BNEF’s Long-Term Carbon Offsets Outlook 2024 shows that the success of the carbon offset market will be determined by the strength of demand and credibility of credits
New York and London, February 6, 2024 – Ongoing scrutiny and reputational issues made 2023 a challenging year for the voluntary carbon market. 2024 is set to be a determining year for the future of the market, tied to whether confidence in carbon credits can be restored. Doing so could drive companies to purchase billions of carbon credits annually, elevate prices over $200 per ton and build a market valued at over $1.1 trillion annually by 2050. However, failure could result in the death of the broader market, according to BloombergNEF’s (BNEF’s) Long-Term Carbon Offsets Outlook 2024 report.
According to BNEF, demand is the key variable that will determine the fate of the voluntary carbon market, which allows for the trading of verified emission reduction credits. 2023’s figures show a new annual demand record, but this was up just 2 percent from the previous watermark set in 2021 (161 to 163.6 million). Moreover, the market is heavily oversupplied – to the tune of nearly 50% in 2023 – but many companies have shown elasticity of demand and abandoned offsets for fear of criticism and rising prices. Should this elastic demand persist in the current market as prices rise, companies could purchase 1 billion offsets annually in 2030, leveling off to 2.5 billion in 2050.
Kyle Harrison, Head of Sustainability Research at BNEF and the lead author of the report said, “There is no shortage of governments and investors that are eager to monetize emission reductions through carbon credits and channel financing towards projects. But if buyers can’t trust the quality of the credits they’re buying and risk greenwashing accusations, then the market will never reach its potential. Credits will never be more than discretionary spend in this case.”
Currently, initiatives such as the Integrity Council on Voluntary Carbon Markets, coupled with new guidance from regulators like the US Commodities Futures Trading Commission, are all focused on strengthening trust in carbon credits. The success of these groups could ensure carbon credits are a critical part of corporate decarbonization strategies regardless of their prices, known as inelastic demand, leading companies to potentially purchase up to 1.4 billion credits annually in 2030 and 5.9 billion in 2050. The success of these initiatives could alternatively lead to carbon credits being viewed as a viable substitute for other forms of abatement, determined purely by cost. This least-cost decarbonization approach could catalyze the purchase of up to 1.6 billion credits in 2030 and 5.1 billion in 2050.
The report details three scenarios for future carbon offset prices, dependent on what the future structure of the market and demand look like. In BNEF’s High-quality scenario, integrity issues in the offset market are resolved and offset demand is inelastic. Under the Voluntary market scenario, these integrity issues are not resolved and company demand is elastic. In BNEF’s Removal scenario, companies can only buy carbon removals and credits are interchangeable with other forms of abatement, meaning companies take a least-cost decarbonization approach.

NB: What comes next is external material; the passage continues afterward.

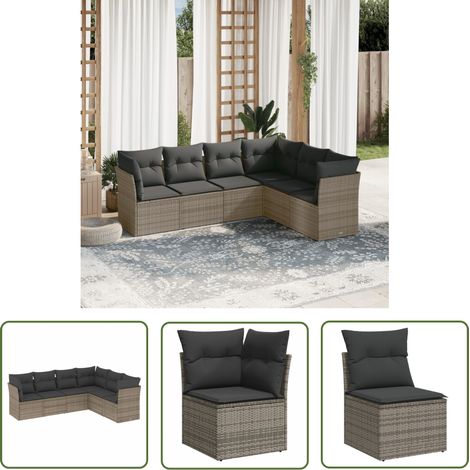 The Living Store 6-tlg. Garten-Sofagarnitur mit Kissen Grau Poly Rattan - Gartengeset - Gartenmöbelset - Rattan Möbel - Lounge Set - Terrassenmöbel (1/5)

In BNEF’s High-quality scenario, prices are low in early years, reaching just $20/ton in 2030, but begin rising rapidly as milestone years for net-zero goals approach and reach $238/ton in 2050. At this point, the market is valued at $1.1 trillion annually.
Under the Voluntary market scenario, prices reach just $13/ton in 2030 and a mere $14/ton in 2050. This would drive significant criticism around credits being a “right to pollute” for heavy-emitting companies. The market would peak at a value of just $34 billion annually in 2050, up from $2 billion today.
Finally, in the Removal scenario, prices reach an impressive $146/ton in 2030 and $172/ton in 2050. This market would have an annual value exceeding $884 billion in 2050, showcasing the importance of righting the ship in the voluntary carbon market and keeping demand strong.
“The lack of progress at COP28 on Article 6 has been a wakeup call to the importance of the voluntary carbon market,” said Harrison. “The private sector has been hard at work to position carbon credits as a complement to a suite of other decarbonization options, including the compliance market. Their success may just be the difference between the private sector achieving or not achieving its net-zero goals.”
BNEF updates its historical offset supply and demand data monthly and its long-term outlook annually.